Work task | Even the shortest line counts, so transcribe all the data exactly.

++++++++++++++++++++

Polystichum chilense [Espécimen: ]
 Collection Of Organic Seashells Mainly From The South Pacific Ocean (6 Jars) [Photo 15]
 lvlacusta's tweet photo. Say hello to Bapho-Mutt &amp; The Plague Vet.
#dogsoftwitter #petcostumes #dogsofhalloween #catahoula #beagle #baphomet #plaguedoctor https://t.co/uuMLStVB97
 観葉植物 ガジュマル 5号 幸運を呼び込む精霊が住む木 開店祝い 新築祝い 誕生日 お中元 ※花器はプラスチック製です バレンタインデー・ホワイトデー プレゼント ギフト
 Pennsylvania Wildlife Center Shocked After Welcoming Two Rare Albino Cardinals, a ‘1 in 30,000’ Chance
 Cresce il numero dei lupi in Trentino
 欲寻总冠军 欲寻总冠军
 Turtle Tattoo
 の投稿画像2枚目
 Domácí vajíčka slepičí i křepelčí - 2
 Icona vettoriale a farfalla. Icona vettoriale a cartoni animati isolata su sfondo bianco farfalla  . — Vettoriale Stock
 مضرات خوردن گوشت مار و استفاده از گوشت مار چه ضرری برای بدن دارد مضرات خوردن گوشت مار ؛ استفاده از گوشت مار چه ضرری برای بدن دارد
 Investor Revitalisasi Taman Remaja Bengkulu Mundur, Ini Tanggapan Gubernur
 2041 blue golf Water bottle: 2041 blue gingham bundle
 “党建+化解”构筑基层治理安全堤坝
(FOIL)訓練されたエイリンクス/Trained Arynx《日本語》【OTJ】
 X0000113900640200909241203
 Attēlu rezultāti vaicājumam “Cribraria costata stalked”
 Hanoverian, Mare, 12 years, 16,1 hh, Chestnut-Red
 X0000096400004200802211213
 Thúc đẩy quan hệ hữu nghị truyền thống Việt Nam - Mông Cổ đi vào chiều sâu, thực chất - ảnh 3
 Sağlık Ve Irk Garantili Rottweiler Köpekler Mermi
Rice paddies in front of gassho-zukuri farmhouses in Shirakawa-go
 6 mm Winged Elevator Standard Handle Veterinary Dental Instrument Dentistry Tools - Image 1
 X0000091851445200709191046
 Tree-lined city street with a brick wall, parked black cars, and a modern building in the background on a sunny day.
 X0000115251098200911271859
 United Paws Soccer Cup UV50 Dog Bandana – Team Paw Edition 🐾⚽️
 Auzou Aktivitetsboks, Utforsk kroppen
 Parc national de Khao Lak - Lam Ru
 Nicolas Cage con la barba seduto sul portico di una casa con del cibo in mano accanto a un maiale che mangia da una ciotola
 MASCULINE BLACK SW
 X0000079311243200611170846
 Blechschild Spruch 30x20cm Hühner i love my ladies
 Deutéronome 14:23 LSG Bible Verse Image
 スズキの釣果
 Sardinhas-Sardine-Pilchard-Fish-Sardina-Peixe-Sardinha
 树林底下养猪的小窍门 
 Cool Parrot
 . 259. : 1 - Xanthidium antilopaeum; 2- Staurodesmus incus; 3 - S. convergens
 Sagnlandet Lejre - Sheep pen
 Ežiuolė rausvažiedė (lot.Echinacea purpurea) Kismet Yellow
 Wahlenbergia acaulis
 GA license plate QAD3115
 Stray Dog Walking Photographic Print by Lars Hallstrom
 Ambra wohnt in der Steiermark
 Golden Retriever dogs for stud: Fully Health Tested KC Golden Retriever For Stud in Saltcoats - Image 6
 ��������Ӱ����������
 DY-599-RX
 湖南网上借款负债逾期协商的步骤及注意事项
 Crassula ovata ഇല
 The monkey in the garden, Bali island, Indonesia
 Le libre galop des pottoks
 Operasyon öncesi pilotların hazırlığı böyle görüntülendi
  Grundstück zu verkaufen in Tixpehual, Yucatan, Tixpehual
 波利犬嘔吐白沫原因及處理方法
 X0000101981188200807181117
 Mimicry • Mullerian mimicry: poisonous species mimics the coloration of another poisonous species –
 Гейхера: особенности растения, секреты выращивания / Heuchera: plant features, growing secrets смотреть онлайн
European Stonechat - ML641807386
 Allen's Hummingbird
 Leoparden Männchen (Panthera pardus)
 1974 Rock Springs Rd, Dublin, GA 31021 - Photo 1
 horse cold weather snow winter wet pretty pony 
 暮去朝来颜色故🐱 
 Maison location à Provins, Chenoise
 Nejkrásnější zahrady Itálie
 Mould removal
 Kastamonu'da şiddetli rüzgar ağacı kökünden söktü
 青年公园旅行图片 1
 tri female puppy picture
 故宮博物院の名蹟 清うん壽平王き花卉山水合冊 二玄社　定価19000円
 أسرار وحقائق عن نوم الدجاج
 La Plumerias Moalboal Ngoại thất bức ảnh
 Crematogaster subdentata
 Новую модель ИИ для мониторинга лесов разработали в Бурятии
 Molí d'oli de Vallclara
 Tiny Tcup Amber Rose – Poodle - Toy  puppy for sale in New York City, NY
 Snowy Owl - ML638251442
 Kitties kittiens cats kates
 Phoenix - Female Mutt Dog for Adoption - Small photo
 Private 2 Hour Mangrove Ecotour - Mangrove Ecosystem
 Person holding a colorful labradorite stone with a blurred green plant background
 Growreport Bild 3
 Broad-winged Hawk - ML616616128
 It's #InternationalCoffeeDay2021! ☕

++++++++++++++++++++

Exercise solution |
Polystichum chilense [Espécimen: ]
 Collection Of Organic Seashells Mainly From The South Pacific Ocean (6 Jars) [Photo 15]
 lvlacusta's tweet photo. Say hello to Bapho-Mutt &amp; The Plague Vet.
#dogsoftwitter #petcostumes #dogsofhalloween #catahoula #beagle #baphomet #plaguedoctor https://t.co/uuMLStVB97
 観葉植物 ガジュマル 5号 幸運を呼び込む精霊が住む木 開店祝い 新築祝い 誕生日 お中元 ※花器はプラスチック製です バレンタインデー・ホワイトデー プレゼント ギフト
 Pennsylvania Wildlife Center Shocked After Welcoming Two Rare Albino Cardinals, a ‘1 in 30,000’ Chance
 Cresce il numero dei lupi in Trentino
 欲寻总冠军 欲寻总冠军
 Turtle Tattoo
 の投稿画像2枚目
 Domácí vajíčka slepičí i křepelčí - 2
 Icona vettoriale a farfalla. Icona vettoriale a cartoni animati isolata su sfondo bianco farfalla  . — Vettoriale Stock
 مضرات خوردن گوشت مار و استفاده از گوشت مار چه ضرری برای بدن دارد مضرات خوردن گوشت مار ؛ استفاده از گوشت مار چه ضرری برای بدن دارد
 Investor Revitalisasi Taman Remaja Bengkulu Mundur, Ini Tanggapan Gubernur
 2041 blue golf Water bottle: 2041 blue gingham bundle
 “党建+化解”构筑基层治理安全堤坝
(FOIL)訓練されたエイリンクス/Trained Arynx《日本語》【OTJ】
 X0000113900640200909241203
 Attēlu rezultāti vaicājumam “Cribraria costata stalked”
 Hanoverian, Mare, 12 years, 16,1 hh, Chestnut-Red
 X0000096400004200802211213
 Thúc đẩy quan hệ hữu nghị truyền thống Việt Nam - Mông Cổ đi vào chiều sâu, thực chất - ảnh 3
 Sağlık Ve Irk Garantili Rottweiler Köpekler Mermi
Rice paddies in front of gassho-zukuri farmhouses in Shirakawa-go
 6 mm Winged Elevator Standard Handle Veterinary Dental Instrument Dentistry Tools - Image 1
 X0000091851445200709191046
 Tree-lined city street with a brick wall, parked black cars, and a modern building in the background on a sunny day.
 X0000115251098200911271859
 United Paws Soccer Cup UV50 Dog Bandana – Team Paw Edition 🐾⚽️
 Auzou Aktivitetsboks, Utforsk kroppen
 Parc national de Khao Lak - Lam Ru
 Nicolas Cage con la barba seduto sul portico di una casa con del cibo in mano accanto a un maiale che mangia da una ciotola
 MASCULINE BLACK SW
 X0000079311243200611170846
 Blechschild Spruch 30x20cm Hühner i love my ladies
 Deutéronome 14:23 LSG Bible Verse Image
 スズキの釣果
 Sardinhas-Sardine-Pilchard-Fish-Sardina-Peixe-Sardinha
 树林底下养猪的小窍门 
 Cool Parrot
 . 259. : 1 - Xanthidium antilopaeum; 2- Staurodesmus incus; 3 - S. convergens
 Sagnlandet Lejre - Sheep pen
 Ežiuolė rausvažiedė (lot.Echinacea purpurea) Kismet Yellow
 Wahlenbergia acaulis
 GA license plate QAD3115
 Stray Dog Walking Photographic Print by Lars Hallstrom
 Ambra wohnt in der Steiermark
 Golden Retriever dogs for stud: Fully Health Tested KC Golden Retriever For Stud in Saltcoats - Image 6
 ��������Ӱ����������
 DY-599-RX
 湖南网上借款负债逾期协商的步骤及注意事项
 Crassula ovata ഇല
 The monkey in the garden, Bali island, Indonesia
 Le libre galop des pottoks
 Operasyon öncesi pilotların hazırlığı böyle görüntülendi
  Grundstück zu verkaufen in Tixpehual, Yucatan, Tixpehual
 波利犬嘔吐白沫原因及處理方法
 X0000101981188200807181117
 Mimicry • Mullerian mimicry: poisonous species mimics the coloration of another poisonous species –
 Гейхера: особенности растения, секреты выращивания / Heuchera: plant features, growing secrets смотреть онлайн
European Stonechat - ML641807386
 Allen's Hummingbird
 Leoparden Männchen (Panthera pardus)
 1974 Rock Springs Rd, Dublin, GA 31021 - Photo 1
 horse cold weather snow winter wet pretty pony 
 暮去朝来颜色故🐱 
 Maison location à Provins, Chenoise
 Nejkrásnější zahrady Itálie
 Mould removal
 Kastamonu'da şiddetli rüzgar ağacı kökünden söktü
 青年公园旅行图片 1
 tri female puppy picture
 故宮博物院の名蹟 清うん壽平王き花卉山水合冊 二玄社　定価19000円
 أسرار وحقائق عن نوم الدجاج
 La Plumerias Moalboal Ngoại thất bức ảnh
 Crematogaster subdentata
 Новую модель ИИ для мониторинга лесов разработали в Бурятии
 Molí d'oli de Vallclara
 Tiny Tcup Amber Rose – Poodle - Toy  puppy for sale in New York City, NY
 Snowy Owl - ML638251442
 Kitties kittiens cats kates
 Phoenix - Female Mutt Dog for Adoption - Small photo
 Private 2 Hour Mangrove Ecotour - Mangrove Ecosystem
 Person holding a colorful labradorite stone with a blurred green plant background
 Growreport Bild 3
 Broad-winged Hawk - ML616616128
 It's #InternationalCoffeeDay2021! ☕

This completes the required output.